[[ Supplied information, beginning ]]

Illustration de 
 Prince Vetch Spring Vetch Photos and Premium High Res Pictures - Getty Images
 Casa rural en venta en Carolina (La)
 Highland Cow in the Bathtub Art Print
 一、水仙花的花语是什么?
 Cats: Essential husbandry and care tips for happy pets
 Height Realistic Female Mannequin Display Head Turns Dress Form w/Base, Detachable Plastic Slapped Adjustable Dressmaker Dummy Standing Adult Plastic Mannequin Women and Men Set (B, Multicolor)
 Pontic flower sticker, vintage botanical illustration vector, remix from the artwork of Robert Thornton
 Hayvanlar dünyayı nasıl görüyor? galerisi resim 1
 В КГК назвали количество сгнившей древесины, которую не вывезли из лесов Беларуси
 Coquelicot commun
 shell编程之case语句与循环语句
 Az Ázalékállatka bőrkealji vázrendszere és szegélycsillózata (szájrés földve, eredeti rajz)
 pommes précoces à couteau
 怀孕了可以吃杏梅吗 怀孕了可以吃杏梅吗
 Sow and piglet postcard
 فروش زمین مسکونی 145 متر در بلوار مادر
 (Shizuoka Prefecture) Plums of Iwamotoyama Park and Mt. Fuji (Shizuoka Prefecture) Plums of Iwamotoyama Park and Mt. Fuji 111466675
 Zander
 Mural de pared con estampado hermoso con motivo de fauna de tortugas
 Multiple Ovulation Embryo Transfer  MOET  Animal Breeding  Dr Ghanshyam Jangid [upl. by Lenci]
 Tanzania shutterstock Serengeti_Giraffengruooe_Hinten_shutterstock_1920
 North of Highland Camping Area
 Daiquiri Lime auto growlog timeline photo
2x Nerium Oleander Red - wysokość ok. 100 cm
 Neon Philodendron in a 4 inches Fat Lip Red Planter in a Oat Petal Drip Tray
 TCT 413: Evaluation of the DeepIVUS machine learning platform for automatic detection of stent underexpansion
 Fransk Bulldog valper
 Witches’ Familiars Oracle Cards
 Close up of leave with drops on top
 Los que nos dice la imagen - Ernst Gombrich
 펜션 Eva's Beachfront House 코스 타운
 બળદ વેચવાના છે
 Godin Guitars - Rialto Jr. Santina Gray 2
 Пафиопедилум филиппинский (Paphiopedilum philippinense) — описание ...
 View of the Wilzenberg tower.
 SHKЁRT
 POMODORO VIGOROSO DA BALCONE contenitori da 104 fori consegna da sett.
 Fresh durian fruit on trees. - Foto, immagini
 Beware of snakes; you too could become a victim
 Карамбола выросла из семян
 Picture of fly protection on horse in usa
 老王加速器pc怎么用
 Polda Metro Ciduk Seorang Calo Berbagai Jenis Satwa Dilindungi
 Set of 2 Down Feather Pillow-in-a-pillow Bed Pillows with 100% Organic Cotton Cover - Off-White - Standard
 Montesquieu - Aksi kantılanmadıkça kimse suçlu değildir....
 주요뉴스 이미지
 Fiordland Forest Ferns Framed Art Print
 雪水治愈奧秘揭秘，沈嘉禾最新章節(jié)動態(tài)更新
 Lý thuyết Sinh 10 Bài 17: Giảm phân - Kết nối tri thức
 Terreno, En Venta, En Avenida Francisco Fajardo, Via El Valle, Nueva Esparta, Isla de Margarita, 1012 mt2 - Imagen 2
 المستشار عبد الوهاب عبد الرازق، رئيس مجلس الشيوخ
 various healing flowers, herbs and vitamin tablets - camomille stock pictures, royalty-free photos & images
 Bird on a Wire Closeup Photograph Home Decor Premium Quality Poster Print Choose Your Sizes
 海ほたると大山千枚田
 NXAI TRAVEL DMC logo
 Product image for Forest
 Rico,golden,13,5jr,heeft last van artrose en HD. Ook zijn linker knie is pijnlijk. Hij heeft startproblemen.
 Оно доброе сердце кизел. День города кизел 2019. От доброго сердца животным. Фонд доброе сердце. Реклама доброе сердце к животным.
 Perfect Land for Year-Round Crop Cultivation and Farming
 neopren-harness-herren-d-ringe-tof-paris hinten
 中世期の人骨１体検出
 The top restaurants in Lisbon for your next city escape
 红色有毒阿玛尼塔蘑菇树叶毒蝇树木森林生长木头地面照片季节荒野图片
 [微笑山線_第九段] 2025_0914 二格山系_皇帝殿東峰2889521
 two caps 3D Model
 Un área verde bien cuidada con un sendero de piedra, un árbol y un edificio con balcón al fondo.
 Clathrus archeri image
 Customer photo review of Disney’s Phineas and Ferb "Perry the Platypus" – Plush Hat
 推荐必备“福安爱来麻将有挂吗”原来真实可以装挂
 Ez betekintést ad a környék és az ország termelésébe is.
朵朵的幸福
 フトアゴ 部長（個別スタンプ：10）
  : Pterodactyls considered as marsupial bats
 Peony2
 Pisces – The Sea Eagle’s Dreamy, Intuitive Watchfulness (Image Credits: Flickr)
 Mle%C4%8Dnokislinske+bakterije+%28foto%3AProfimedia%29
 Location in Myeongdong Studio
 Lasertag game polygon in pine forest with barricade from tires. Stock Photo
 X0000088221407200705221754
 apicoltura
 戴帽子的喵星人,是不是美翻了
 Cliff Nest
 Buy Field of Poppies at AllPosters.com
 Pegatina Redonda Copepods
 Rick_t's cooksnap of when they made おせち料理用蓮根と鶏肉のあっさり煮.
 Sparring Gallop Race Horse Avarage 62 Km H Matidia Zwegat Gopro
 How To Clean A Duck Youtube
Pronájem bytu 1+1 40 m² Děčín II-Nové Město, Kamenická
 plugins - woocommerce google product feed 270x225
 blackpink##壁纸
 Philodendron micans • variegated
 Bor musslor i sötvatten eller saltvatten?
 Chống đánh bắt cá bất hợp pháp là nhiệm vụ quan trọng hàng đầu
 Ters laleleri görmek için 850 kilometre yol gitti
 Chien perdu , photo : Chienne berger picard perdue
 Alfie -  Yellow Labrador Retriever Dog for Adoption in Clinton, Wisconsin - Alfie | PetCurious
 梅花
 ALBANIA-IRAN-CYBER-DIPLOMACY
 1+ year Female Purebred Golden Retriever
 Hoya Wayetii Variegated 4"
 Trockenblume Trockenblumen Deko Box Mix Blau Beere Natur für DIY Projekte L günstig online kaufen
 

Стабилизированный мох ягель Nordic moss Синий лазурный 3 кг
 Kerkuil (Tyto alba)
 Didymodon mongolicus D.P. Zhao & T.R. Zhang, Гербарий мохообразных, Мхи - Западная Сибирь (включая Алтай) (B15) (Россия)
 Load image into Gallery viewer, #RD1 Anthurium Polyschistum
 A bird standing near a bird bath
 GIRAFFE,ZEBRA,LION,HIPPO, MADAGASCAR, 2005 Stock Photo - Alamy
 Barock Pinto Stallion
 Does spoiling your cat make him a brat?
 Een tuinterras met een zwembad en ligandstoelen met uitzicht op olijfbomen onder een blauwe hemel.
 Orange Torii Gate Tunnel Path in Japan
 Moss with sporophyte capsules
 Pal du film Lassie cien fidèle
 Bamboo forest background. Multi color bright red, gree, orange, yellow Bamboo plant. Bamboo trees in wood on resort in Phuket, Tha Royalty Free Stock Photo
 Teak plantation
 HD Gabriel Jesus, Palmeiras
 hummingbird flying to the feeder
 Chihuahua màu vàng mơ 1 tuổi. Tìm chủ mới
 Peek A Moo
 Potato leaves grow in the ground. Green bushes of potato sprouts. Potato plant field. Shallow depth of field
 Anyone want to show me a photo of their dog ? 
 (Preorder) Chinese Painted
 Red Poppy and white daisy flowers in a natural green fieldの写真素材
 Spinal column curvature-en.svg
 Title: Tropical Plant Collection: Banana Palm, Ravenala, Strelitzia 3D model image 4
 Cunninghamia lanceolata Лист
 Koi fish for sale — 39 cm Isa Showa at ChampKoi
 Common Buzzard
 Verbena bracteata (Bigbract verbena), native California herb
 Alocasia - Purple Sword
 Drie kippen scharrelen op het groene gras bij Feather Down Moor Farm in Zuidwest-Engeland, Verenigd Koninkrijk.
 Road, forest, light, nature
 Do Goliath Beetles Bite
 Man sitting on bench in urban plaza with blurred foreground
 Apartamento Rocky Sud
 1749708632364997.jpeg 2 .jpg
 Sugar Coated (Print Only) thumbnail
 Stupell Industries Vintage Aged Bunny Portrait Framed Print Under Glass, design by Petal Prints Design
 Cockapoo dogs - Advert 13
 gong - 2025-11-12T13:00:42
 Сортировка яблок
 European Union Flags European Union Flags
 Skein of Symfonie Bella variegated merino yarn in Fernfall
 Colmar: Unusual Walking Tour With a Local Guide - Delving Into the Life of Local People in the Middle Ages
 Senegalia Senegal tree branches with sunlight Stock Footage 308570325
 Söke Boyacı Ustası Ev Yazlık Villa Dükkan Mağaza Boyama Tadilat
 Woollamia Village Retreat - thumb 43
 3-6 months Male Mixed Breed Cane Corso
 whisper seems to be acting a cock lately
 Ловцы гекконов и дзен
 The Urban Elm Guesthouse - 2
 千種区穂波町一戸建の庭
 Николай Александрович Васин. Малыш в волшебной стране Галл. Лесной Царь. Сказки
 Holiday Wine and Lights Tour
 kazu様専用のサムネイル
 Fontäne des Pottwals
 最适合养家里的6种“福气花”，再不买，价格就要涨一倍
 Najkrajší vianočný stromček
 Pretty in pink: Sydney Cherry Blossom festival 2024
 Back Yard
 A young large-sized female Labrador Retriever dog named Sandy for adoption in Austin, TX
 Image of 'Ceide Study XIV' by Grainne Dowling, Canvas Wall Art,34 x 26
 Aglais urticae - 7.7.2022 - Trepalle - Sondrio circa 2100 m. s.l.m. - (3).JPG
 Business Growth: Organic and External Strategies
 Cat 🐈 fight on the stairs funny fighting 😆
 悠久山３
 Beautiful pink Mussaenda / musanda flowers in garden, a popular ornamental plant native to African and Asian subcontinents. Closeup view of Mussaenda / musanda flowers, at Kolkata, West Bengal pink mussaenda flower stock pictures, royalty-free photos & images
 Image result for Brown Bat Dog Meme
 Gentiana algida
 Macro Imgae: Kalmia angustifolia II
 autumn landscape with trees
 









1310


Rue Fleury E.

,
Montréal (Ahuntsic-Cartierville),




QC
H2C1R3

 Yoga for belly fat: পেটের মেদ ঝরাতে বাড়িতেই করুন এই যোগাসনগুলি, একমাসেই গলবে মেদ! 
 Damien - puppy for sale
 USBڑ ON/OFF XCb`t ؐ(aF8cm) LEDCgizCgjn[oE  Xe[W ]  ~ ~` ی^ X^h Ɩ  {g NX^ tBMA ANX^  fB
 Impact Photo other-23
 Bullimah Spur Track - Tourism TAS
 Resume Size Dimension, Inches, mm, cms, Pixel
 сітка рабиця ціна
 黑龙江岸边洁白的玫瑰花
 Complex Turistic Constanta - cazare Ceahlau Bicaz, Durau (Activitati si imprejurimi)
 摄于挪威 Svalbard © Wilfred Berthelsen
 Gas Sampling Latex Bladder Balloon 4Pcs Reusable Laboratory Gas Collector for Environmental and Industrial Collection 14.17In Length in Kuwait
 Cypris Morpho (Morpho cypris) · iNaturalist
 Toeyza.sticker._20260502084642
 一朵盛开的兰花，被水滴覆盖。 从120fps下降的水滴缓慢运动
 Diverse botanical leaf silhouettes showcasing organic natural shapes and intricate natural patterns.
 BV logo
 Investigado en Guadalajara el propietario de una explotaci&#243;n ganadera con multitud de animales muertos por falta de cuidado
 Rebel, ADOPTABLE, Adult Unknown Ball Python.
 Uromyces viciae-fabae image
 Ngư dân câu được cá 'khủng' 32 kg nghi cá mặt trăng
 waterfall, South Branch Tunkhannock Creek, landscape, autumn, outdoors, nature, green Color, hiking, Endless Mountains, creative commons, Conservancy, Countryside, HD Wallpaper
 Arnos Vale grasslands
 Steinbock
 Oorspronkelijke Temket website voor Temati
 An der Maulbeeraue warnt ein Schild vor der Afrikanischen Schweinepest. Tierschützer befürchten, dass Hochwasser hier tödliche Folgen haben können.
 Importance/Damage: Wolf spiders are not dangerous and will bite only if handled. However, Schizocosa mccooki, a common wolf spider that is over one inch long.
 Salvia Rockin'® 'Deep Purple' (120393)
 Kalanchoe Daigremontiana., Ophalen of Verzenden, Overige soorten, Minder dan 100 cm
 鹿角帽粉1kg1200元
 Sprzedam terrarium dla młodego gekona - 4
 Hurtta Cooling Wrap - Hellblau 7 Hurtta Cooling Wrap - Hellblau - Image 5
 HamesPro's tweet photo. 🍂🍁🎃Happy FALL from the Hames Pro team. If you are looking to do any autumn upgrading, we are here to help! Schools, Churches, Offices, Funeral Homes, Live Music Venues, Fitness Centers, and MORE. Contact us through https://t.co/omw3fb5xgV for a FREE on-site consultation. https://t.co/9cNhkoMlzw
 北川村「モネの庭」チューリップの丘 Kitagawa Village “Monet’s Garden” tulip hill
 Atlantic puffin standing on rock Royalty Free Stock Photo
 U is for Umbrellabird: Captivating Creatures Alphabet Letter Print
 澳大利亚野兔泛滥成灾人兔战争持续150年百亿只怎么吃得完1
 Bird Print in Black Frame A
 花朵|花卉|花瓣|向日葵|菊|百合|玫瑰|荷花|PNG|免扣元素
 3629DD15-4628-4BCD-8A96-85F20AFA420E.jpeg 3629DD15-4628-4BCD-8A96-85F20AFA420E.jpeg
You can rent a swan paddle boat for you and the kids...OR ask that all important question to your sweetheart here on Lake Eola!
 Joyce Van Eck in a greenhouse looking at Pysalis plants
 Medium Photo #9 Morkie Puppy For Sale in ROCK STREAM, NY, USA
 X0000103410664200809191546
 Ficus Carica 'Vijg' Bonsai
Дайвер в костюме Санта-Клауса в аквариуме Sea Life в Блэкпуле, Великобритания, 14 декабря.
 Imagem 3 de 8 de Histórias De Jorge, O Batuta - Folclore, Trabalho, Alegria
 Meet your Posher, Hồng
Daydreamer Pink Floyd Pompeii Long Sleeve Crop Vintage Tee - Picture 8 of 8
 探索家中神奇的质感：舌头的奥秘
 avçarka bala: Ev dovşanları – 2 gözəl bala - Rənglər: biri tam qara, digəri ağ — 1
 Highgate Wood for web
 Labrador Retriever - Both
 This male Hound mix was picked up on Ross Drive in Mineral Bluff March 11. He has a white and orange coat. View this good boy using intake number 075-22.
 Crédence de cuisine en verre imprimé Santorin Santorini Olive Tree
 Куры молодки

[[ Supplied information, end ]]

- _What is expected_:
The entries above hold a line with "Buy Field of Poppies at AllPosters.com" and a later line with "Pal du film Lassie cien fidèle". Write out exactly those lines and all lines between, nothing more.

- _Written response_:
 Buy Field of Poppies at AllPosters.com
 Pegatina Redonda Copepods
 Rick_t's cooksnap of when they made おせち料理用蓮根と鶏肉のあっさり煮.
 Sparring Gallop Race Horse Avarage 62 Km H Matidia Zwegat Gopro
 How To Clean A Duck Youtube
Pronájem bytu 1+1 40 m² Děčín II-Nové Město, Kamenická
 plugins - woocommerce google product feed 270x225
 blackpink##壁纸
 Philodendron micans • variegated
 Bor musslor i sötvatten eller saltvatten?
 Chống đánh bắt cá bất hợp pháp là nhiệm vụ quan trọng hàng đầu
 Ters laleleri görmek için 850 kilometre yol gitti
 Chien perdu , photo : Chienne berger picard perdue
 Alfie -  Yellow Labrador Retriever Dog for Adoption in Clinton, Wisconsin - Alfie | PetCurious
 梅花
 ALBANIA-IRAN-CYBER-DIPLOMACY
 1+ year Female Purebred Golden Retriever
 Hoya Wayetii Variegated 4"
 Trockenblume Trockenblumen Deko Box Mix Blau Beere Natur für DIY Projekte L günstig online kaufen
 

Стабилизированный мох ягель Nordic moss Синий лазурный 3 кг
 Kerkuil (Tyto alba)
 Didymodon mongolicus D.P. Zhao & T.R. Zhang, Гербарий мохообразных, Мхи - Западная Сибирь (включая Алтай) (B15) (Россия)
 Load image into Gallery viewer, #RD1 Anthurium Polyschistum
 A bird standing near a bird bath
 GIRAFFE,ZEBRA,LION,HIPPO, MADAGASCAR, 2005 Stock Photo - Alamy
 Barock Pinto Stallion
 Does spoiling your cat make him a brat?
 Een tuinterras met een zwembad en ligandstoelen met uitzicht op olijfbomen onder een blauwe hemel.
 Orange Torii Gate Tunnel Path in Japan
 Moss with sporophyte capsules
 Pal du film Lassie cien fidèle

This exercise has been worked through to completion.